# Retrix Gold Universal Emulator UWP / All Platforms



## Deleted User (Jan 5, 2021)

*Hello,*
Regarding to the old release *"Retrix Silver"..  *the new stable, advanced version is here...

*RetriX Gold (2.7.5.0)

Compatible with:*

*XBOX 1*

*Windows 10* (x64, x86, ARM)

*Surface*

*Lumia 950/XL* (Older devices expected to work)

*Other Devices supports UWP Applications*
*What's New?

Release 2.7.5.0
*
*Cores List*

Add version number for each core (Very important for future usage)
*Cores Update *

You can update the current cores from local (.dll) files

Now I can release updates for the cores only and this will reduce the amount of Retrix updates
*Touch Gamepad Buttons*

Customize buttons positions (individually) now possible for each console
*Auto Save*

Auto save settings moved to saves menu at the top-left
*Sound Effects*

change "success" notification to a lighter sound effect
*FBNeo*

FBNeo games databases updated



Spoiler: Release 2.7.4.0



*Release 2.7.4.0*

*PSX*
Because of an *issue *related to the controller
In this release.. when you start any *PSX *game you have to *choose *if you want to include the* Analog control* or not*.*
*It's completely based on your game requirements*


*The issue*
*Some games was not detect the controller at all when the analog control included*





Spoiler: Release 2.7.2.0 - 2.7.3.0 (XBox Special)



*Release 2.7.3.0
*
*Features*

*Added:* Layout -> Show/Hide  L2 R2 Touch Buttons
*Added:* 1X, 2X Touch Buttons:
*1X*: R1+L1
*2X*: R2+L2

*Enhancements*

If XBox menu appeared the game will automatically paused
The Game will resume after closing the menu
*Fixes*

Fix PSX (Old) + AnyCore open counter
Fix Actions Feature accuracy

*Release 2.7.2.0 + XBox Special Enhancements*
*
XBox*

*XBox/Gamepad* Controls can be customized for each console as you like
*XBox Menu* (Fast & short way to save/pause/stop.. and more)
Show *XBox Menu* [Press Down + [Select/View])

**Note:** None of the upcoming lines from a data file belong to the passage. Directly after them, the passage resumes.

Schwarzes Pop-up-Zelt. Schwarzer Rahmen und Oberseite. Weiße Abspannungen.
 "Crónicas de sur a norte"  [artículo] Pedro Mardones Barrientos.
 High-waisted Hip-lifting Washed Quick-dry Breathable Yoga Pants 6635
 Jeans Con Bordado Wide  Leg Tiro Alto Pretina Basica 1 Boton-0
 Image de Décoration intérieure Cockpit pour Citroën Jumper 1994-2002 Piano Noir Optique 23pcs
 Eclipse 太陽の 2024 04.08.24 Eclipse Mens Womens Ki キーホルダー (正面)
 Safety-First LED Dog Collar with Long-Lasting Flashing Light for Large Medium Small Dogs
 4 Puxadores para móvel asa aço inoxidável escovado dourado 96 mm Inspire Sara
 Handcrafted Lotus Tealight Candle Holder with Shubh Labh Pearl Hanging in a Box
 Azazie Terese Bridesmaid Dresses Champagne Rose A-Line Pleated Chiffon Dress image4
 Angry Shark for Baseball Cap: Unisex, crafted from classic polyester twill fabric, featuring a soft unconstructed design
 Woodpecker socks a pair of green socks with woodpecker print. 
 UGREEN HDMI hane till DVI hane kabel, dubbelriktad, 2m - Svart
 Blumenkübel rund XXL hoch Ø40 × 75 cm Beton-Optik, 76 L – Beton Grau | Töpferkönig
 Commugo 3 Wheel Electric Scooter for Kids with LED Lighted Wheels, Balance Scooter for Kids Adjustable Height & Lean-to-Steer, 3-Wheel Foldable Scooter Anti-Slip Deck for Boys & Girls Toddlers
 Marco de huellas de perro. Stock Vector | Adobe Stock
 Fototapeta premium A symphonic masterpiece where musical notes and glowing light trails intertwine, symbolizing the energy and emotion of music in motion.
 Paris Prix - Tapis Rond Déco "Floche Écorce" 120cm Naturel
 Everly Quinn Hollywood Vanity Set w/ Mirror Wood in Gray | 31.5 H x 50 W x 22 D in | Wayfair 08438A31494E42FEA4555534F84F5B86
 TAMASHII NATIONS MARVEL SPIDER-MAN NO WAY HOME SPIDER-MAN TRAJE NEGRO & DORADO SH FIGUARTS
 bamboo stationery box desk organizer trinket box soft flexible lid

*Quick Save* *Beta *(Press Left + [Select/View])

*Show Saves* List (Press Right + [Select/View])
*
*​
*More Features*

*Touch pad* can be customized for each console

Add *CD Support* option for Any Core

*Compatibility list* view: will show the skipped cores due compatibility issues

*Reset AnyCore*: You can delete all AnyCore files from the *Settings Page*

*PSX (Old) Core* re-added along with the new one (it might work if the new one fail with some games)
*Enhancements*

Now you can show/hide "Actions Keys" alone, no longer linked with Save/Load/Mute keys

Gameplay menu name changed to "Layout"

Show/Hide Special Keys moved to "Layout" menu

Show/Hide Actions Keys moved to "Layout" menu
*
Fixes*

Fix Sega CD Console name in BIOS page (it was appear as SG-1000 by mistake)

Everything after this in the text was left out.